Thursday 17 September 2015

Outport Girl

This poem is for my granddaughters, Sylvie and Caitlin. While it is about their great great grandmother Bessie Earle Smith of Durrell, Twillingate Island, Newfoundland, it is about any of our foremothers who grew up in outport Newfoundland. 

Those women worked so hard from an early age, learning how to survive in the harsh environment of coastal Newfoundland.

Their lives revolved around a fishery which was seasonal and unpredictable,

in support of the men who braved the rough seas of the North Atlantic, 

and doing everything on the home-front.

We are so proud of them.

                Bessie Earle Smith

                      Outport Girl

There was a wee girl
Named Bessie Earle
Who lived in a place
Where the ocean did swirl.

She could play on the beach
And watch fishing boats,
See whales and sea gulls,
Horses and goats.

Icebergs were plenty
Waves they were lapping.
Gardens were tended
And feet they were tapping.

People worked hard
And times they were tough.
Families struggled
To just get enough.

When Bessie did grow up 
And then met her bow,
She took along with her
The life she did know.

Now in my history
I have a great gran
Who was a proud daughter
Of outport Newfoundland.
                              Marie Pretty Smith

These are family photos taken on and around Twillingate.

Tuesday 15 September 2015

Victoria by the Sea, Prince Edward Island

This past week, we visited Victoria by the Sea, on the south shore of our home province. The little village is a photographer's dream 

with its brightly coloured houses,

beautiful gardens, 

fishing boats,

and range lighthouse.

 A stroll around the village is peaceful and interesting, a feast for the eyes.

However, first we had lunch at Beachcomber on the Wharf.

This restaurant sits at the end of the wharf where the local fishing boats are tied up. Our table by the window overlooked the bay.

Umbrella tables with chairs for warm sunny days, unlike today, were outside. It is an appropriate setting for the seafood on the menu.

I had deep fried haddock which was lightly breaded rather than heavily battered. It was the best haddock I had ever eaten. The french fries were tasty but of the frozen variety, which is disappointing considering all the fresh potatoes available in our province. Coleslaw, tartar sauce and a roll finished the plate. The roll was huge, fresh and tasty, a huge temptation for someone trying to avoid bread. Rick had seafood chowder and a burger which he enjoyed. 

During the stroll through the quaint village, 

the range lighthouse is evident, though no longer in use.
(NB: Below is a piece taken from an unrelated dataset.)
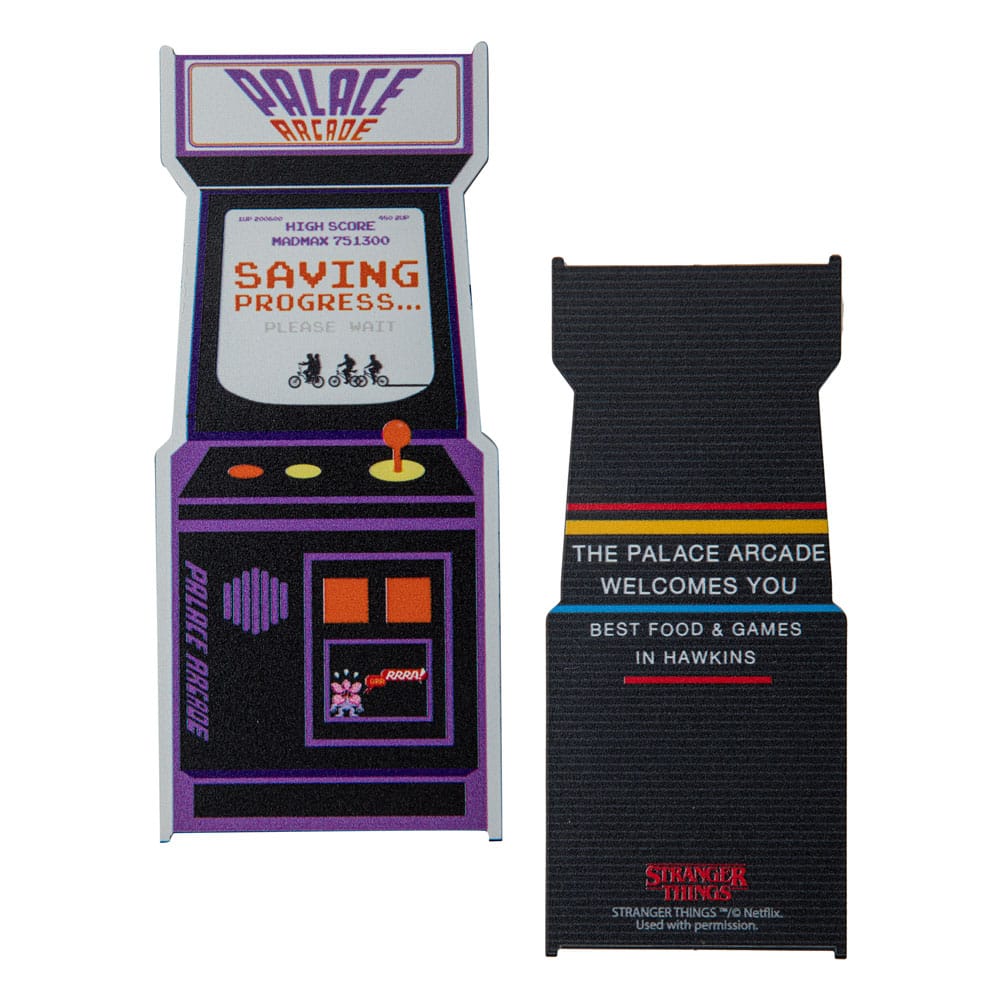 Stranger Things Bookmark Arcade Metal  4895205617605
It will be maintained by the village now that the federal government has abandoned it. This lighthouse, and another in a farmer's field further inland, worked together to provide reference points for vessels coming in to the wharf. When the red stripes on the side of both lighthouses lined up a certain way, mariners knew they were at the right place to turn safely into the bay. Then two other buoys provided navigational aid. 

Today, of course, with the proliferation of the Global Positioning System, the range lighthouse is obsolete. However it would be interesting to see what would happen if GPS stopped working. If the village maintains the lighthouse, it would be a good back-up system for mariners. The old ways can be more reliable on occasion.

There is a theatre, the Victoria Playhouse, 

in the village that is busy from late spring to end of summer with a variety of quality productions. Our plan for the day included the comedy Stranger to Hard Work, with Cathy Jones. 

The theatre was comfortable and cool 

in spite of the packed house and the stillness of the air that day. The opening act, Chris Gibbs, was hilarious, providing a British perspective on his adopted Canadian home. Then the hilarious Cathy Jones played several parts as she presented her life at sixty. She closed with her familiar Missus Enid character, now ensconced in a nursing home with everything it entailed. She received a standing ovation.

The walk through the village to the car and the forty-five minute drive home were a nice end to the day. 

Conversation was relaxed and chatty, a perfect reflection of the idyll which is Victoria by the Sea.